DATA PROVIDED section start

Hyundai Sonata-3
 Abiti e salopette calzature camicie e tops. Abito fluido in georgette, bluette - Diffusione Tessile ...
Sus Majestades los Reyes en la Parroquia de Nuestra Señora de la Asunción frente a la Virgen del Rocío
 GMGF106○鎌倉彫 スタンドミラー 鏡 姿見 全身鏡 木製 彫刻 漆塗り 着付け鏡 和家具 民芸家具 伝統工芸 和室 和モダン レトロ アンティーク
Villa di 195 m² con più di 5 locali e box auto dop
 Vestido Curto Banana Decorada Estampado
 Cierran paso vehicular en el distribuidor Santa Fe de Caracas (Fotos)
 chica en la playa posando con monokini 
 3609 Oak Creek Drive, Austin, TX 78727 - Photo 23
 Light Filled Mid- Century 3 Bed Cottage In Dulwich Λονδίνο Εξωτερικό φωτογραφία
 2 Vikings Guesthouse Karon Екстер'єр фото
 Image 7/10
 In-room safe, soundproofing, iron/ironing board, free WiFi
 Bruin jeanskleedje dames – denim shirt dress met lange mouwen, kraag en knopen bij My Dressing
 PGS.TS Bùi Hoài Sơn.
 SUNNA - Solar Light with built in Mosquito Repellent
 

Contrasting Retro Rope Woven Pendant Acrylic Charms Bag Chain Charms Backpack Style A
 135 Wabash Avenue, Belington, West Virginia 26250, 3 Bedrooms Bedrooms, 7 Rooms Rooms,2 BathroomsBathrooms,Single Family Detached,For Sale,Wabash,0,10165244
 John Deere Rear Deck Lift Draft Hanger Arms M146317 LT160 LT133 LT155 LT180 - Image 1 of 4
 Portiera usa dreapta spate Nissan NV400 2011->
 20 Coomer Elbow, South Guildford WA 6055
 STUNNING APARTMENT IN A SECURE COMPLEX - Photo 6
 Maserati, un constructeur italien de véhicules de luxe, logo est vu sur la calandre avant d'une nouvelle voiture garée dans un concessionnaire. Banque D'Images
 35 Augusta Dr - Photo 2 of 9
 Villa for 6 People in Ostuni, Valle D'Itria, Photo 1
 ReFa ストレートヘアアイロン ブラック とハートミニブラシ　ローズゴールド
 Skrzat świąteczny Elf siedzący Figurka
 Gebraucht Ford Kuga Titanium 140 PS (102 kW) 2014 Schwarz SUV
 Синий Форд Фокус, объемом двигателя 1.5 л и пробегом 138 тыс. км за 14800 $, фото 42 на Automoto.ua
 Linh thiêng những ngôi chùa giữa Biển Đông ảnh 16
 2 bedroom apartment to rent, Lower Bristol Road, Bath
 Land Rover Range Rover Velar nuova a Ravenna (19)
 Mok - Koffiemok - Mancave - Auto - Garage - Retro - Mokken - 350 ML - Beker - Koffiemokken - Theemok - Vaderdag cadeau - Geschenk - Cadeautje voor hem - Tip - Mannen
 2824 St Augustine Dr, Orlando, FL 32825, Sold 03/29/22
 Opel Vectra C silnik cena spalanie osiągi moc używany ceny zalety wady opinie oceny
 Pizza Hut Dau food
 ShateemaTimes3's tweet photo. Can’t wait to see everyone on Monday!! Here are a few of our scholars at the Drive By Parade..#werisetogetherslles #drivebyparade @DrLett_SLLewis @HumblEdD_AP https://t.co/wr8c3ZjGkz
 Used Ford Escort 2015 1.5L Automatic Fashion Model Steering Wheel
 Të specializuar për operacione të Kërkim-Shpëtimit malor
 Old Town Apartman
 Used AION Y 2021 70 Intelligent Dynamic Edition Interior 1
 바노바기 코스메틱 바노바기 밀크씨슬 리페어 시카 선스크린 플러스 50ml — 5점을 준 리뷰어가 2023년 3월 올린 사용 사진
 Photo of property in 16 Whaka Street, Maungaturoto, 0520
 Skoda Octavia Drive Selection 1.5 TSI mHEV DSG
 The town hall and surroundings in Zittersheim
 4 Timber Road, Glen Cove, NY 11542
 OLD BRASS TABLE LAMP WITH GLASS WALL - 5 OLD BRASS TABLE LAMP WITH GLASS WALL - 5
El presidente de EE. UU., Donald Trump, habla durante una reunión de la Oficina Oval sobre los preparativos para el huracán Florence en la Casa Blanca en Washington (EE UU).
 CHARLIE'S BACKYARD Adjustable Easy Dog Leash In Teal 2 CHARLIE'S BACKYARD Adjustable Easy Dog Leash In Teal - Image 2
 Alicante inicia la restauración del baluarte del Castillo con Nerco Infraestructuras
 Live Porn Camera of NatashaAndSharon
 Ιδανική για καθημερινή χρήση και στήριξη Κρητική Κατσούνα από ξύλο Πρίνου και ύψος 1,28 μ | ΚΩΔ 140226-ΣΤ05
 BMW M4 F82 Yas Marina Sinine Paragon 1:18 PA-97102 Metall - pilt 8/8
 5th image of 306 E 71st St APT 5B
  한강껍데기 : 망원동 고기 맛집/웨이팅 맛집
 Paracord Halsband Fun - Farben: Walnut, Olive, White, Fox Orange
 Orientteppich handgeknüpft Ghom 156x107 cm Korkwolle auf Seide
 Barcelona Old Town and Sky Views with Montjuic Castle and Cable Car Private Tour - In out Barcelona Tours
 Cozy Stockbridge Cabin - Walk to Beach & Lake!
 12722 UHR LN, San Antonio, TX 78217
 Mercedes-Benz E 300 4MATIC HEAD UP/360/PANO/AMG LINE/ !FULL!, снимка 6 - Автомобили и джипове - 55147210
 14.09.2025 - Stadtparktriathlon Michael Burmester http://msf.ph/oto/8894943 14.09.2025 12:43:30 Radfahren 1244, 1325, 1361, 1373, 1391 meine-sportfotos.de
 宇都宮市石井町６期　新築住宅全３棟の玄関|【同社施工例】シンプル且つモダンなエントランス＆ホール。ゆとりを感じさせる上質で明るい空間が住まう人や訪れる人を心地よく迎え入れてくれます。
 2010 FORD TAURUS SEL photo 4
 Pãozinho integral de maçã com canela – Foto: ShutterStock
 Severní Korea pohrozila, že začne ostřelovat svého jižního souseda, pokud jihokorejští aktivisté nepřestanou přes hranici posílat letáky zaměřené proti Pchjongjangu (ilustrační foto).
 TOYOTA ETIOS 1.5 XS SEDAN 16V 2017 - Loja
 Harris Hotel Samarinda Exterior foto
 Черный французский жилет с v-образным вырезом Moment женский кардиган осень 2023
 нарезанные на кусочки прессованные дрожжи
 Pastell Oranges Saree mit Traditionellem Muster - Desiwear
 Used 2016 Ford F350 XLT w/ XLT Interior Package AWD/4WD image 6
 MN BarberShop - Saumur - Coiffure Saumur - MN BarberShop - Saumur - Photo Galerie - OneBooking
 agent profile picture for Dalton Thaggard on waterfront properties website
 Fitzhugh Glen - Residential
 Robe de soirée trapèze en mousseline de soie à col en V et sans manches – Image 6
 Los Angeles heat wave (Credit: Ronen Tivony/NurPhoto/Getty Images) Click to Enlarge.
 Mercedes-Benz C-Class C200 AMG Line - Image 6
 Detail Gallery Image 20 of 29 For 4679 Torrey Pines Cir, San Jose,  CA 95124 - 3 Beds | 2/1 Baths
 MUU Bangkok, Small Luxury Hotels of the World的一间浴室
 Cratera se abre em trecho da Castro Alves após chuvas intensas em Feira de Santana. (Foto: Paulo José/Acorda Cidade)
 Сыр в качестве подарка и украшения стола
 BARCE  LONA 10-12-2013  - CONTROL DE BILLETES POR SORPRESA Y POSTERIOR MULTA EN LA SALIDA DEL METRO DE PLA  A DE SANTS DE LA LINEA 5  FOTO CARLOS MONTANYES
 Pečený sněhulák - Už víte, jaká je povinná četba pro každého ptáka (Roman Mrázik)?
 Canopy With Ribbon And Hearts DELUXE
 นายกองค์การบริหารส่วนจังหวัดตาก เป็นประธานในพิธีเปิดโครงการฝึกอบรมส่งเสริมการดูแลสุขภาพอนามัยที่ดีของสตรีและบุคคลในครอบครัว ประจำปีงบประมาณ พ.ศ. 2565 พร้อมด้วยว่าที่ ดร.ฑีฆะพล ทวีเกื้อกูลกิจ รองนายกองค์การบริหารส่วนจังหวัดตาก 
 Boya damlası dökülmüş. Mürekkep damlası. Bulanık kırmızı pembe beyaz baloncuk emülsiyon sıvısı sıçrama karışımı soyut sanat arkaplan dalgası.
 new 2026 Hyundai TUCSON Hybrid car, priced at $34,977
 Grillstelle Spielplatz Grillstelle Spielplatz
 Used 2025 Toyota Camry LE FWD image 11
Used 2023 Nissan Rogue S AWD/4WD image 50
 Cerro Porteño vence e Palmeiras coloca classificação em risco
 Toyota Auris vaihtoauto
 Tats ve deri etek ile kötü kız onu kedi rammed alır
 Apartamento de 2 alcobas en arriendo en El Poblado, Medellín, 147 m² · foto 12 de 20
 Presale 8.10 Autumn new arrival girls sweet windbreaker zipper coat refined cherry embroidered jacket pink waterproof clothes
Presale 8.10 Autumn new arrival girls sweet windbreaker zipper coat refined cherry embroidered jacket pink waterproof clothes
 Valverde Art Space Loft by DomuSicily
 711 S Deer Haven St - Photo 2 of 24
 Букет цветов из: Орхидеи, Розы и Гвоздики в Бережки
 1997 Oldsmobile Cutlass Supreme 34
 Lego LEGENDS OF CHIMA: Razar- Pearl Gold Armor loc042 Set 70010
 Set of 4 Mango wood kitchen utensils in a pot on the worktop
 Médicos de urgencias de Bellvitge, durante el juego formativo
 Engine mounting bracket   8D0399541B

DATA PROVIDED section end

Check each line of the material for "clothes". Copy the ones that have it.

* _RESPONSE_:
 Presale 8.10 Autumn new arrival girls sweet windbreaker zipper coat refined cherry embroidered jacket pink waterproof clothes
Presale 8.10 Autumn new arrival girls sweet windbreaker zipper coat refined cherry embroidered jacket pink waterproof clothes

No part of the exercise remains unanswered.